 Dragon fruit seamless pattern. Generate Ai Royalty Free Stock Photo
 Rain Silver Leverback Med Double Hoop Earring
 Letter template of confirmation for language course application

________________

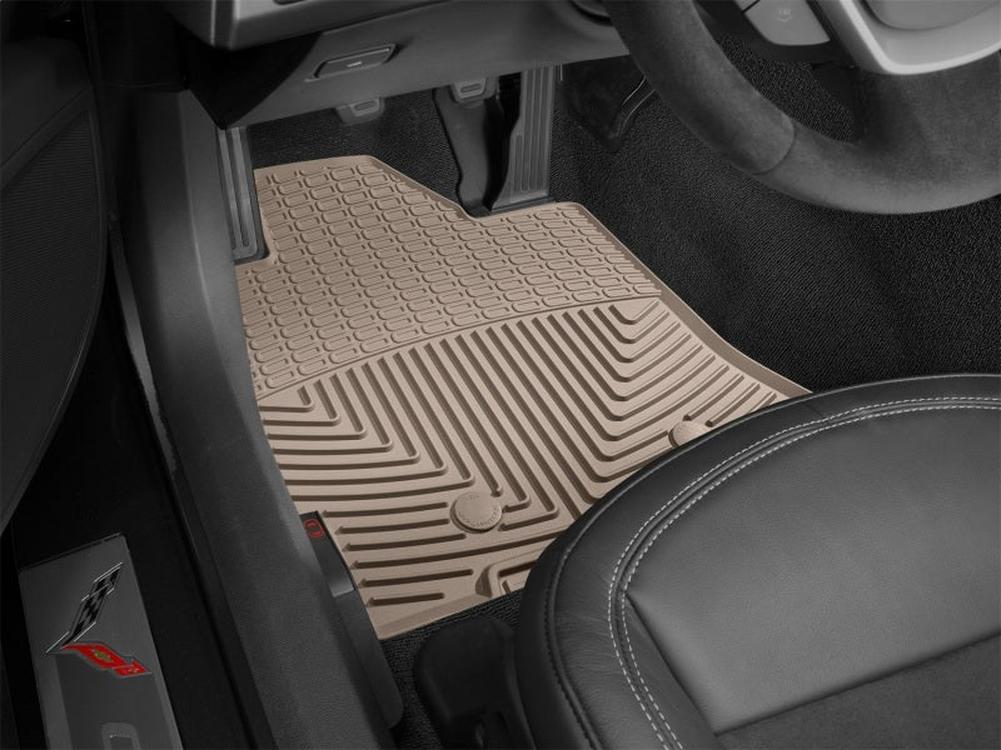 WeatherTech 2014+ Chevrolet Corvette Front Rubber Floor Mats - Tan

________________

[TASK TO CARRY OUT] Output, from the data above, the lines from the line with "Dragon fruit seamless" to the line with "Letter template of" exactly as they stand, both ends included and nothing else.

[SOLUTION FOR THIS EXERCISE]
 Dragon fruit seamless pattern. Generate Ai Royalty Free Stock Photo
 Rain Silver Leverback Med Double Hoop Earring
 Letter template of confirmation for language course application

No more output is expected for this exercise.